To set the scene, our University wants to build a laboratory where we can test batteries and electronic devices with our equipment. Just to list a few of them we have: 
- Climate chamber
- cRIO-9039 for data acquisition and safety control
- Electronic load
- Multiple power supplies
- Multimeters
- Oscilloscope
- LCR meter
- EIS measurement instrument
and so on.... 

All of these devices can be interfaced through LabVIEW, and I am certain that this list will increase in the future. 
The main concept:
- We have a sotfware, where we can create the test sequence, step by step (i.e.: Configure powersupply, delay(ms), enable ps. output, delay(ms), disable output ). The output would be a recipe file, which include each step, and its parameters.
- The main software, where you can import the test sequence, and execute it. The sequences can include multiple measurement instruments. The data logging is continuous.  If there is an emergency, the measurement is aborted. 
   The imported sequence file would be executed step by step in a case structure (or if there is any other possibility). 

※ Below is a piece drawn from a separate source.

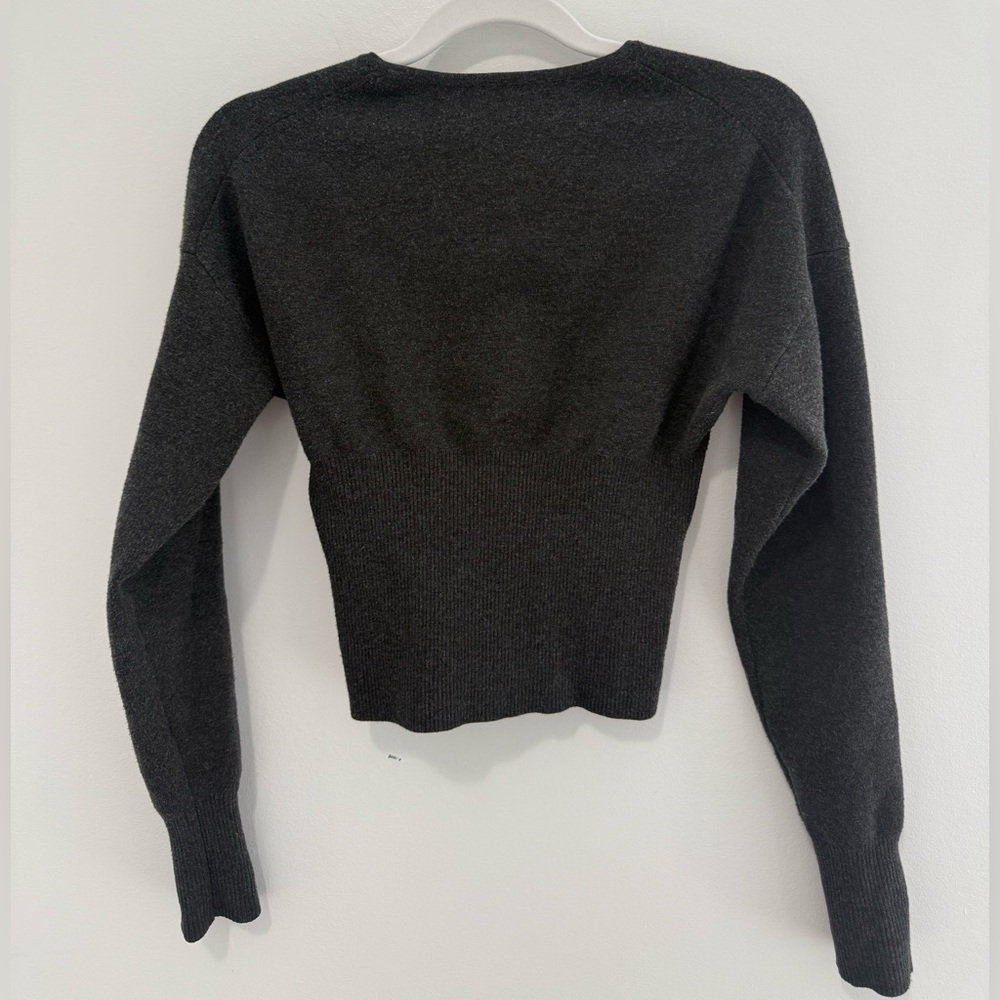 Aritzia Wilfred Golightly Wonder Yarn Cardigan Dark Grey XXS - Picture 3 of 10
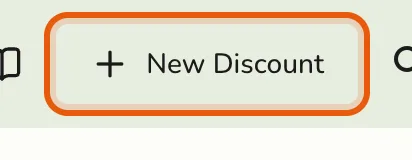 The New Discount button on the Discounts screen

My question is: What kinf of architecture would be suitable for the main software? I have already developed larger applications using QMH, but I have experienced its limitations. Im also looking at OOP concpets, but I have no experience with i so far. 
I know that TestStand is similar to our needs, but currently we dont have a budget to purchase it.

Thank you for your help

Posted

First, I'm in the same boat as you are, and here are few of my insights:
You are trying to create a test sequencer - There are off the shelf products that do that (Teststand is NI's solution - $$$). For architecture, anything from the basic QMH to a full blown actor framework with asynchronous actors can be used - in my case, I have used QMH with few extra threads for safety, logging and report generation.

OOP is a way for the designers to think about software modules and abstraction. Do you need such things? Are you planning on supporting multiple models of PSU, loads and other test instruments? If so, OOP provides a convenient way to create those abstraction layers. If you decide on using classes, you should avoid using PPL, they break each other in weird and wonderful ways.

For data logging, I suggest both a central parametric database and local Excel or Calc reports. 

Test templates and deployment: You should consider creating a standardized test template project, along with build specifications, so your operators will use an executable and not the full LV IDE.